* _About this exercise_: Could you give back exactly the lines below from the one with "2018 SUZUKI GSX-R750 JS1GR7MA5J2100160" through the one with "Magazine Wharf at", without a single picture?

* _Records to use_:
▬▬▬▬▬▬

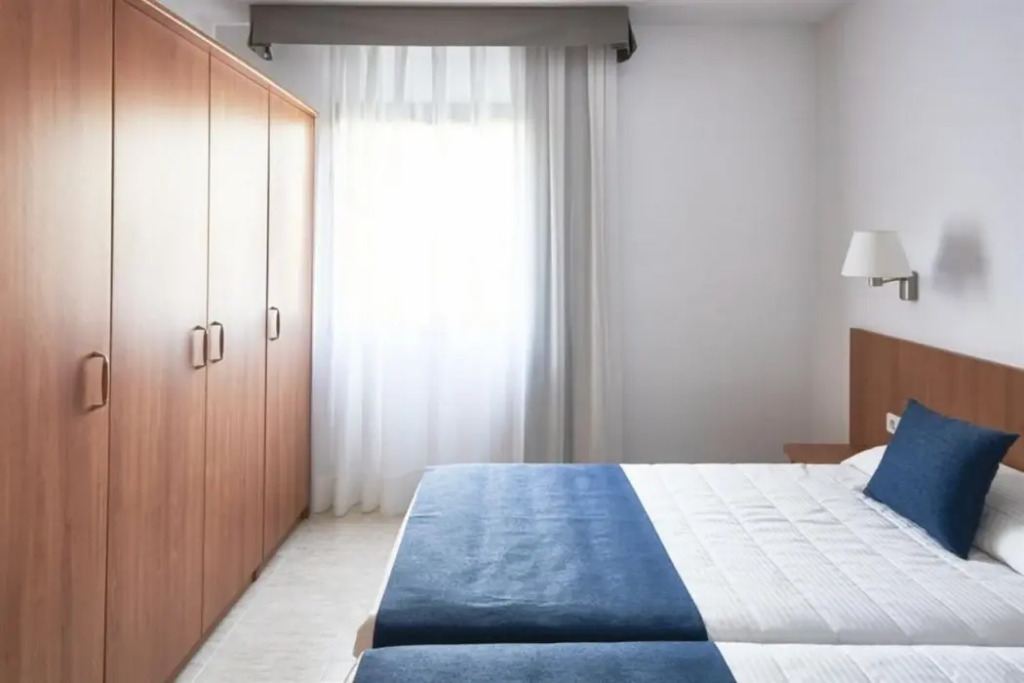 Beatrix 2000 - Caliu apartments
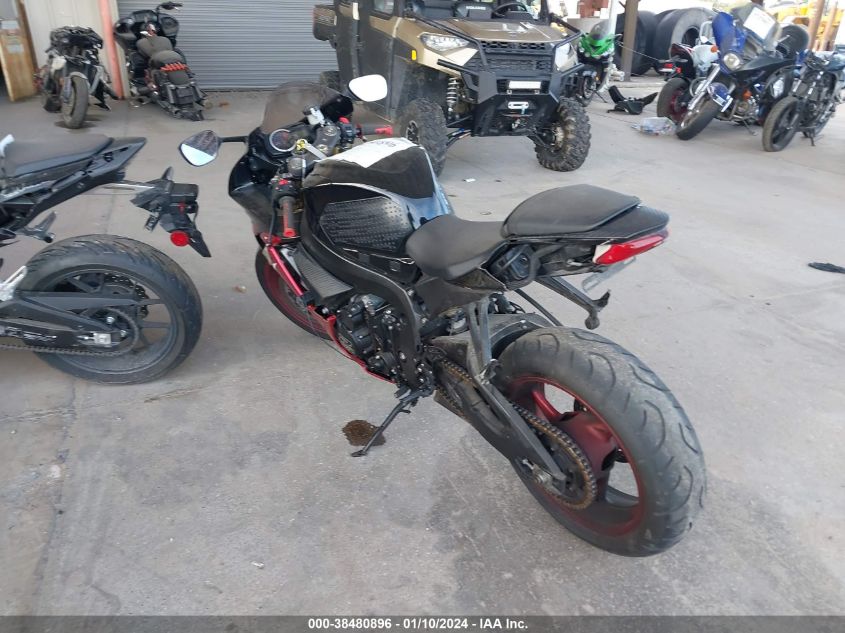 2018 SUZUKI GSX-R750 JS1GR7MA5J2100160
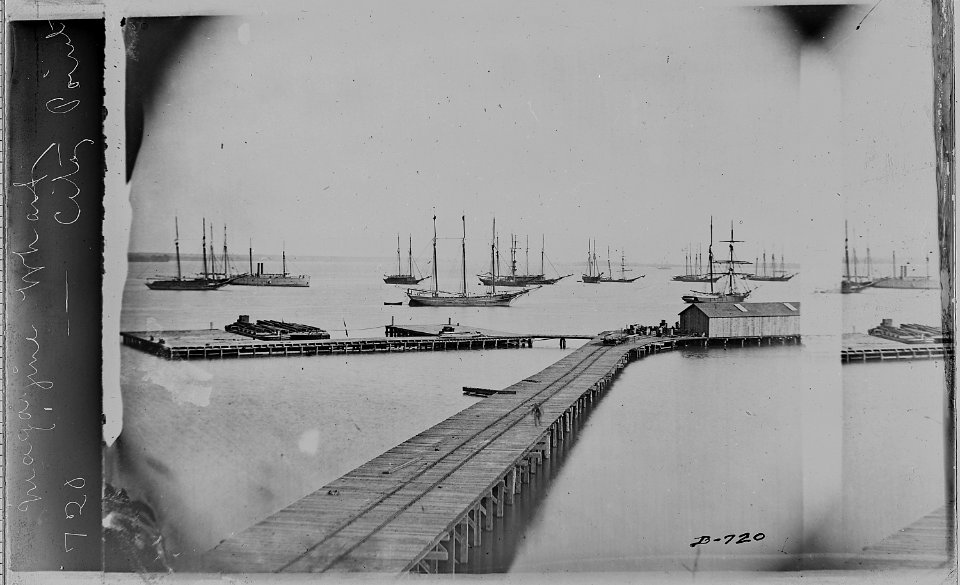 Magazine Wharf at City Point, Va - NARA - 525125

▬▬▬▬▬▬

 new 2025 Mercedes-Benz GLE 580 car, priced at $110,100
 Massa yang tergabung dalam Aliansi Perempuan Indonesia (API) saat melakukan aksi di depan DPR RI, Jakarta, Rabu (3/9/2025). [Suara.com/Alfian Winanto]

▬▬▬▬▬▬

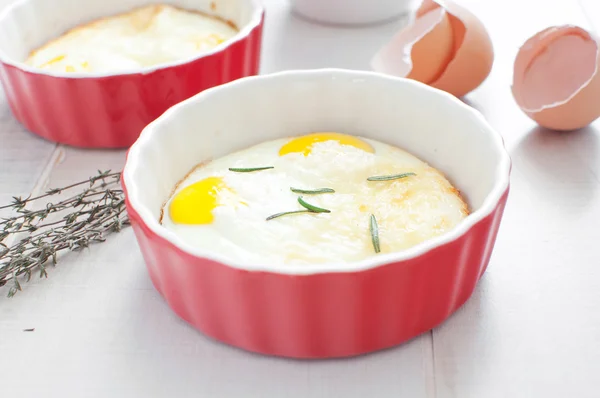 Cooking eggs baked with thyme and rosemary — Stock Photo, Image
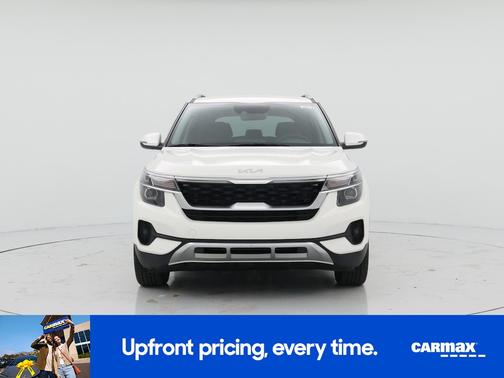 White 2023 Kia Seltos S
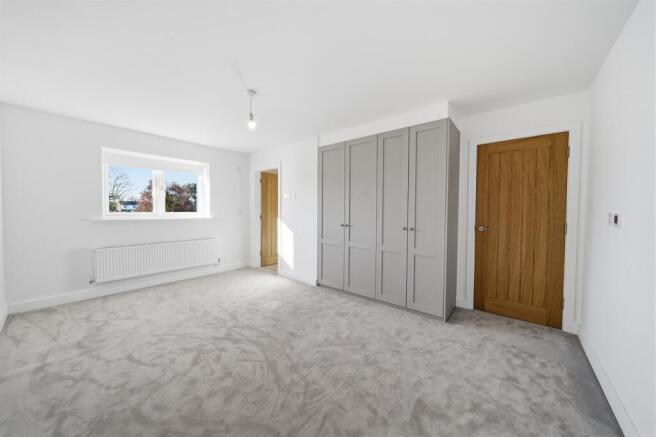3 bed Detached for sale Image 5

▬▬▬▬▬▬

* _Result of this exercise_:
 2018 SUZUKI GSX-R750 JS1GR7MA5J2100160
 Magazine Wharf at City Point, Va - NARA - 525125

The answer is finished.